Ketua Dewan Ekonomi Nasional (DEN) Luhut Binsar Pandjaitan mengungkapkan bahwa pemerintah akan melaksanakan uji coba penyaluran bantuan sosial (bansos) dalam bentuk transfer tunai langsung pada kuartal pertama dan kedua tahun 2027. Saat ini, pemerintah sedang memproses data penerima bansos untuk memastikan bahwa penyaluran bantuan dapat lebih tepat sasaran.
“Kami merencanakan akhir tahun ini mesti selesai semua itu. Awal tahun depan, kuartal 1-2 kita akan uji coba,” kata Luhut saat ditemui di Jakarta.
Mekanisme Penyaluran Bansos
Luhut menjelaskan bahwa mekanisme penyaluran bantuan sosial akan diarahkan untuk menggunakan transfer tunai. Namun, pemerintah masih akan mengatur cara agar bantuan tersebut digunakan untuk memenuhi kebutuhan yang telah ditentukan. “Bansos itu nanti pada ujungnya akan kita berikan cash, mungkin pakai kupon, supaya penggunaannya benar. Tidak boleh untuk judol, minuman keras, tapi mungkin telur, ayam, dan sebagainya,” ujarnya.
Besaran Bantuan dan Teknologi Pendukung
Terkait dengan jumlah bantuan, Luhut menyebutkan bahwa pihaknya memperkirakan bantuan mencapai sekitar Rp 5,4 juta per keluarga. Namun, jumlah ini masih bergantung pada keputusan Presiden Prabowo Subianto. “Nanti tergantung Presiden, kalau kelihatan nanti karena penghematan kami hitung, bisa Rp 1.200 triliun,” tambahnya.

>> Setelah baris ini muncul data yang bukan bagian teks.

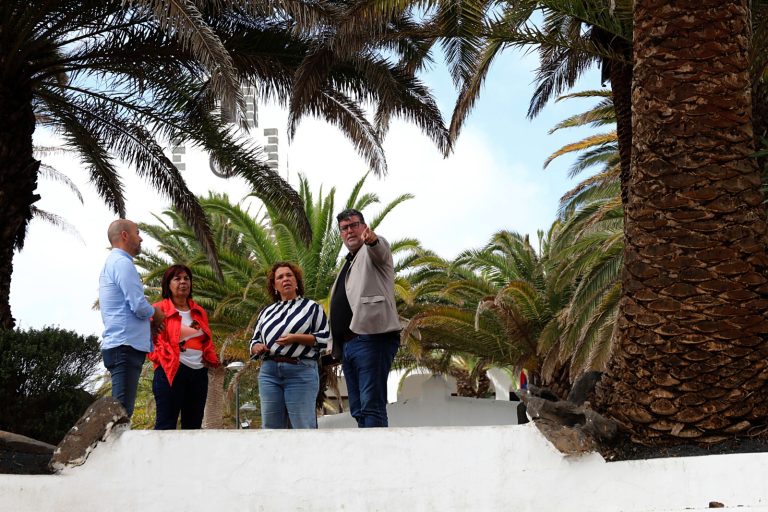 Plaza León y Castillo en el casco histórico de San Bartolomé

Pemerintah juga sedang mengembangkan sistem untuk meningkatkan ketepatan sasaran penerima bansos dengan memanfaatkan teknologi digital serta mengintegrasikan data dengan Direktorat Jenderal Kependudukan dan Pencatatan Sipil (Dukcapil) Kementerian Dalam Negeri. Luhut menyebutkan bahwa verifikasi penerima juga akan menggunakan teknologi pengenalan wajah (face recognition). Penerima yang memenuhi kriteria akan mendapatkan transfer tunai, sementara masyarakat yang merasa berhak tetapi belum menerima bantuan dapat mengajukan sanggah. “Jadi akan targeted dan akan membuat keadilan. Sekarang kan banyak yang tidak berhak menerima. Tetapi yang berhak, banyak juga yang tidak menerima,” kata Luhut.
Ia menambahkan bahwa proses pengembangan sistem ini dilakukan secara bertahap agar pemerintah dapat mengevaluasi pelaksanaannya sebelum diterapkan secara lebih luas.